The current state of the economy has affected employers nationwide by causing a widespread recent increase in mass reductions-in-force. In February 2009 alone, 2,769 mass reductions-in-force occurred, which affected 295,000 workers (seasonally adjusted), according to statistics released by the Labor Department. As employers prepare for a reduction-in-force, they must consider the ramifications to minimize their potential for legal liability under the WARN Act.

In general, the WARN Act requires that covered employers give 60 days advance notice of a “plant closing” or “mass layoff” to affected employees, bargaining representatives, and local government officials. The WARN Act only covers employers with over 100 employees, generally measured on the date notice is required. “Affected employees” are those who may reasonably be expected to experience an employment loss as the result of a plant closing or mass layoff, so employers must be mindful of bumping rights and other factors that may lead to eventual terminations when deciding to whom notice must be provided.

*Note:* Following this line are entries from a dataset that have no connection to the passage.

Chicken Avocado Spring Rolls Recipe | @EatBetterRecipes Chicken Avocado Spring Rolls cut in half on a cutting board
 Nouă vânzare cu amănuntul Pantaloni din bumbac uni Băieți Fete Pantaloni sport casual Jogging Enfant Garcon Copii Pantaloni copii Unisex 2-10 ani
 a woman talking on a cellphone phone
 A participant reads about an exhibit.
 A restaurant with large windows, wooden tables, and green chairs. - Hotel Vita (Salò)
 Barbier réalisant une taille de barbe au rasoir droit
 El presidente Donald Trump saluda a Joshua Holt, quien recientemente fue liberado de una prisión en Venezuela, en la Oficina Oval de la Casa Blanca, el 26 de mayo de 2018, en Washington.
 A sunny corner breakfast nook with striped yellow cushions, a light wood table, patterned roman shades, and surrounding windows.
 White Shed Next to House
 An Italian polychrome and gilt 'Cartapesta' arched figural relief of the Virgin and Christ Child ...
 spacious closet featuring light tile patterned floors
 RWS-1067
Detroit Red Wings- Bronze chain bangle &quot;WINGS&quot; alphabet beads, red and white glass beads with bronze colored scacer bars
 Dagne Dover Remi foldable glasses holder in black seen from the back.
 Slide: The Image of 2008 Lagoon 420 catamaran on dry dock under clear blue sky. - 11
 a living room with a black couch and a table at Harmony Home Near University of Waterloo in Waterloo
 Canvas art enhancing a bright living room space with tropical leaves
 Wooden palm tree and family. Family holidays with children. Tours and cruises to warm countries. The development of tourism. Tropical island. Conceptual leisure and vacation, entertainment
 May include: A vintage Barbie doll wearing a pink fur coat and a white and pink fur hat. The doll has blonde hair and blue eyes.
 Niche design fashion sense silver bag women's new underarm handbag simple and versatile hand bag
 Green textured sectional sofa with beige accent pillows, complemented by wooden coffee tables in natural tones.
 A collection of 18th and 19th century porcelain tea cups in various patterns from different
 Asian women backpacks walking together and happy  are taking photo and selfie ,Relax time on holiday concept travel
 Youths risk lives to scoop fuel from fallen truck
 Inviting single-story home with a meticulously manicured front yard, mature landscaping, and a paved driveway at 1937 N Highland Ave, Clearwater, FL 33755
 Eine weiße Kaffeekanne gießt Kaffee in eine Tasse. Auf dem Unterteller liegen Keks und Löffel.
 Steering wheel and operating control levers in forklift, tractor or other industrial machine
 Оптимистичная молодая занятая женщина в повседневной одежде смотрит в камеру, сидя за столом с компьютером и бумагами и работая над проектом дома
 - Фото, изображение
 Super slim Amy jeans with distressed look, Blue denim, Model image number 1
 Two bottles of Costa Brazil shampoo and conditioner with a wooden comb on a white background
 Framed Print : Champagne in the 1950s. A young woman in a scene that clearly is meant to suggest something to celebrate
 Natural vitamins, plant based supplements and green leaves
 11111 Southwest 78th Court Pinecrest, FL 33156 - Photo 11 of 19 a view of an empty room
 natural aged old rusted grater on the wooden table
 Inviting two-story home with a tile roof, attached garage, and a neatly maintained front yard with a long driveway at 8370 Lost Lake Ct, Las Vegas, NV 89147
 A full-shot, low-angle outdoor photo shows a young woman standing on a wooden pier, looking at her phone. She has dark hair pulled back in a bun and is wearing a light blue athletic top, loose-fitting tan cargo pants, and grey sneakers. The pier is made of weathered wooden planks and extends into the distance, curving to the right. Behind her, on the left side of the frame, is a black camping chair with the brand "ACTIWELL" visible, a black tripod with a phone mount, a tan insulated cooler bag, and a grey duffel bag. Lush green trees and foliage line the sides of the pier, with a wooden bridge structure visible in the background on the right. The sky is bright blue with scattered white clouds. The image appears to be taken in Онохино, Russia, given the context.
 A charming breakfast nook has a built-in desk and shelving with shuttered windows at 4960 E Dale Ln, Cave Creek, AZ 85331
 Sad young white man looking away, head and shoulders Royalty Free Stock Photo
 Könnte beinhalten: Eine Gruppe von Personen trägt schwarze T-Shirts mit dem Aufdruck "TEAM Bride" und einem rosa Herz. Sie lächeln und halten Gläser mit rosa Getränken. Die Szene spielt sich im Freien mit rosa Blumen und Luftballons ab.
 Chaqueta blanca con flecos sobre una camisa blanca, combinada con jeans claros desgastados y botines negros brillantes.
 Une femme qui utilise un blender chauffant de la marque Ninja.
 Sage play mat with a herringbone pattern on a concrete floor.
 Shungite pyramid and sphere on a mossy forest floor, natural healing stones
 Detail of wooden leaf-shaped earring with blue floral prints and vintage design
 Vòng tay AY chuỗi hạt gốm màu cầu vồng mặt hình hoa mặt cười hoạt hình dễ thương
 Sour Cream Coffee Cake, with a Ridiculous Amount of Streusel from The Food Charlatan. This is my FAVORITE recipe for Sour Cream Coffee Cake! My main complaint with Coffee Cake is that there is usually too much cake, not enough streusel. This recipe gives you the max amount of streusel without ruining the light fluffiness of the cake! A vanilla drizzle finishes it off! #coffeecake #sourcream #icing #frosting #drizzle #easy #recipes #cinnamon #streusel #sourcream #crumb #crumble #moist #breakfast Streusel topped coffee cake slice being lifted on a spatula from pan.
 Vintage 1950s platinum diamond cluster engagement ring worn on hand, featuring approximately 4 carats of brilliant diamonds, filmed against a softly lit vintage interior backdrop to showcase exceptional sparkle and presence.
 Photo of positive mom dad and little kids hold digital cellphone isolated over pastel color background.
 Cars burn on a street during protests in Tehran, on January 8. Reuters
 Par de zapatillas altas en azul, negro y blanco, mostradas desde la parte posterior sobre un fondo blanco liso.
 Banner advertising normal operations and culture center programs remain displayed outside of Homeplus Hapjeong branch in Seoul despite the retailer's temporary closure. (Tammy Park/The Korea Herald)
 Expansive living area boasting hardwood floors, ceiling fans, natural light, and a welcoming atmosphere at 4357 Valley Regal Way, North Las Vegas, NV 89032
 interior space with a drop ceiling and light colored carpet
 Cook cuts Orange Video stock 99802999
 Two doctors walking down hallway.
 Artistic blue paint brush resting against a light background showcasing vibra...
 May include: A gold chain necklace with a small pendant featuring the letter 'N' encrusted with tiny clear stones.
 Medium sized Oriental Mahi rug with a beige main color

Failure to provide proper notice to affected employees will result in liability for the employer. The WARN Act Regulations require that notice be given to employees “who may reasonably be expected to experience an employment loss.” The Act also mandates that conditional notices be given to employees (e.g., the plant will close at the end of this year if our government contract is not renewed by December 31) when the conditional “event is definite and the consequences of its occurrence or nonoccurrence will necessarily, in the normal course of business, lead to a covered plant closing or mass layoff” in 60 days or less. If an employer fails to provide the notice required by the WARN Act, the employer is liable to each affected employee after the reduction for both wages and benefits under all ERISA-covered employee benefit plans.

When the requirements of the WARN Act are triggered in connection with a reduction-in-force, employers must properly select the affected employees. First, the employer must establish objective, business-related reasons for reducing the workforce. For any reason provided, it should be grounded in readily determinable facts and well documented in the event motives are called into question. Typical reasons include economic necessity, loss or downturn of business, reorganization, consolidation of functions or installation of technological advances that reduce manual labor requirements.

Once the employer determines the job category involved in the reduction-in-force, it must then determine an objective means of selecting specific individuals for layoff (i.e., seniority, job performance, etc.). An objective means must be used so that an employer can avoid discrimination claims under equal employment opportunity laws.

To properly prepare for a reduction-in-force, employers must conduct an assessment of the WARN Act and related state laws.